First, I shall give the House some of the facts that point to the scale of the problem of fraud and tax avoidance, which I do not think many of our fellow country people understand. My noble friend Lord Watson and I have been hugely helped by the Anti-Corruption APPG of this House, which, in turn, has been supported by Global Witness and Christian Aid, and a wonderful job they have done. One of the statistics they have produced for us—I think that Transparency International has had some part in this as well—is that the best estimate is that $21 trillion to $32 trillion of private financial assets rest in tax havens, and that 20% to 30% of that huge corpus of assets is corruptly diverted. Of that, they reckon that $120 billion to $180 billion per annum, which is far more than the entire global aid budget, is diverted unlawfully from developing countries. This is a rather poignant day on which to say that, as the Bill concerning the 0.7% contribution to aid has just been passed.

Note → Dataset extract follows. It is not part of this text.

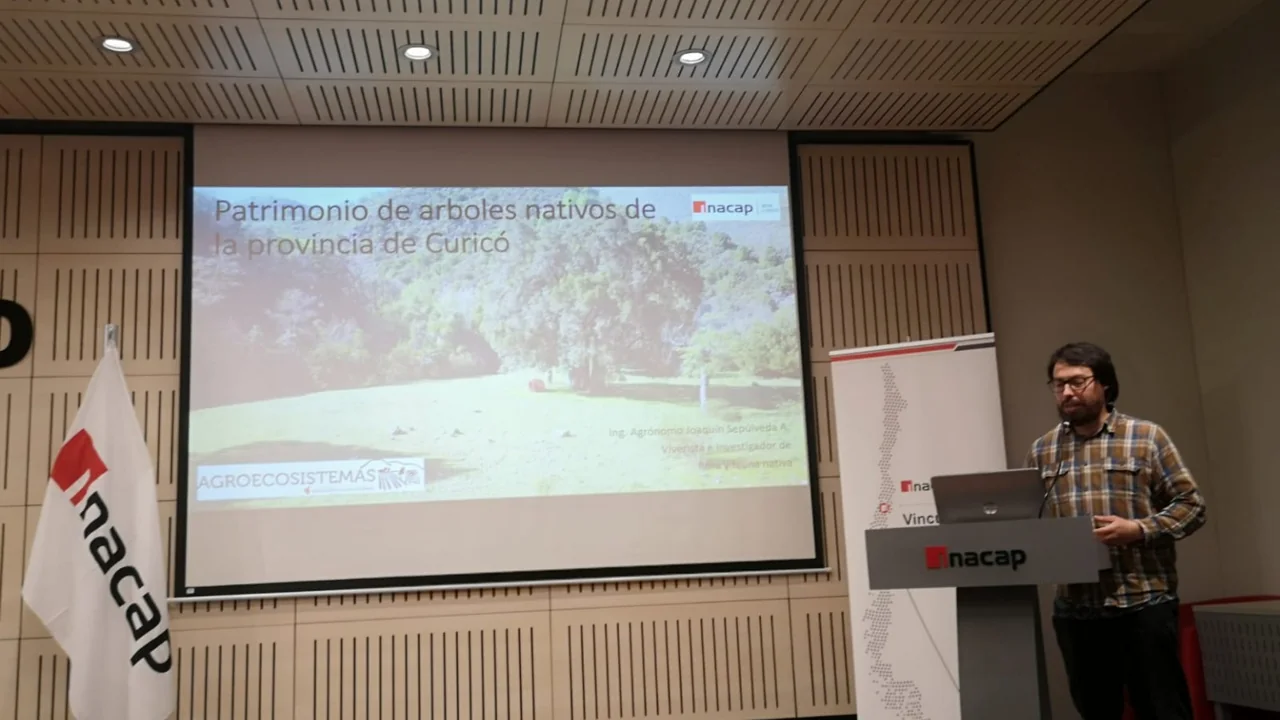 Presentación de trabajo sobre patrimonio de árboles nativos de la provincia de Curicó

Another fact which I find rather depressing because it affects the UK is that it is reckoned that the Crown dependencies and overseas territories are host to one-third of all the world’s shell companies. On top of that, more than 36,000 properties, which are mainly in the most expensive parts of this wonderful city, are owned by overseas owners but are placed in shell companies in tax havens, 38% of them in the British Virgin Islands, 16% in Jersey, 9.5% in the Isle of Man and 9% in Guernsey. In addition, the World Bank’s review of the 200-plus biggest corporation corruption cases shows that 70% use shell companies as their vehicles of fraud. Therefore, the background to this amendment could not be more important and striking.

At this point, I have to own up to something from my dim and distant legal past. In the mid-1960s I was what was then called a tax mitigation lawyer. I notice a groan from behind me.